Fixing the Problem They Created

What the what?

As the New York Times reported yesterday, President Obama intends to barge unilaterally into a hotly contested area of employment law by ordering the Department of Labor to develop regulations “to require overtime pay for several million additional fast-food managers, loan officers, computer technicians and others whom many businesses currently classify as ‘executive or professional’ employees.” As with the expansion by decree of minimum wage law, it will be interpreted in some quarters as an undiluted boon to the employees it covers – their employers will either raise their pay or limit the hours they are expected to work, or both, and how could they be anything but happy about that? But as the piece quotes Cato’s Dan Mitchell as warning, ”There’s no such thing as a free lunch… If they push through something to make a certain class of workers more expensive, something will happen to adjust.”

Several thing to unpack here. First, as Olson points out, labor law is already a nightmare. The example he cites is that many business refuse to give cell phones to employees lest that be interpreted as an admission to working them after hours. If this regulation goes into place, employers will have to guess whether an employee is eligible or exempt from overtime, with thousands or millions of dollars in the balance.
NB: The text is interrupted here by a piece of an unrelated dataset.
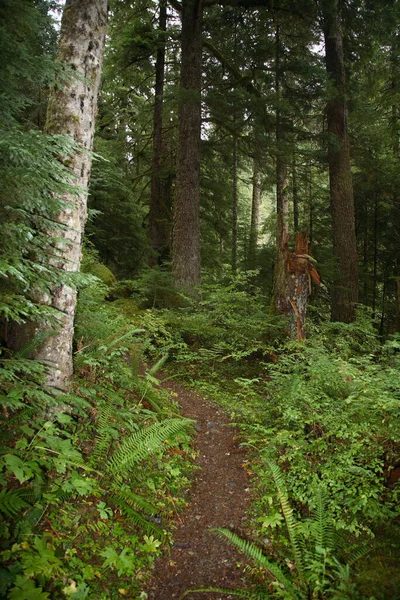 Kuestenregenwald Strathcona Park Kanada Coastal Rainforest Strathcona Park Canadá — Fotografia de Stock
The change may hit small business hard and hit low-wage employees harder. Many businesses may get rid of “transition” jobs where people who work on an hourly basis can be tested out in salaried management positions.

Second, the ostensible reason for this is that employers are working employees harder these days, putting many on salary to avoid paying overtime and trying to squeeze every ounce of productivity out of them. But there’s a reason for that and it’s not because employers are evil. It is because hiring new employees has become very expensive. And the reason it has become expensive is because of Democratic pushes for mandated insurance, Democratic pushes for more extensive employer insurance, Democratic pushes for higher minimum wage, Democratic pushes for more more more more more. Even if this falls into place and millions of employee exemptions are rescinded, it may not result in wave of hires. Because overtime for a good employee is often worth more than the start-up costs of a new and untested one.

(Actually, I think the likely result of all of this stuff is going to be to push employers toward fewer employees and more contractors.)

This isn’t a constitutional issue, actually. The FLSA does give the executive the authority to decide the criteria for exemption from overtime. And maybe there’s a case to be made that the system is being abused (assuming you think it’s the government’s business to dictate labor conditions like this). But I’ll raise the same objection I did to the minimum wage: why would you hit businesses with this when unemployment is our nation’s biggest problem?

Quite simply because we have an Administration that doesn’t understand the Law of Unintended Consequences.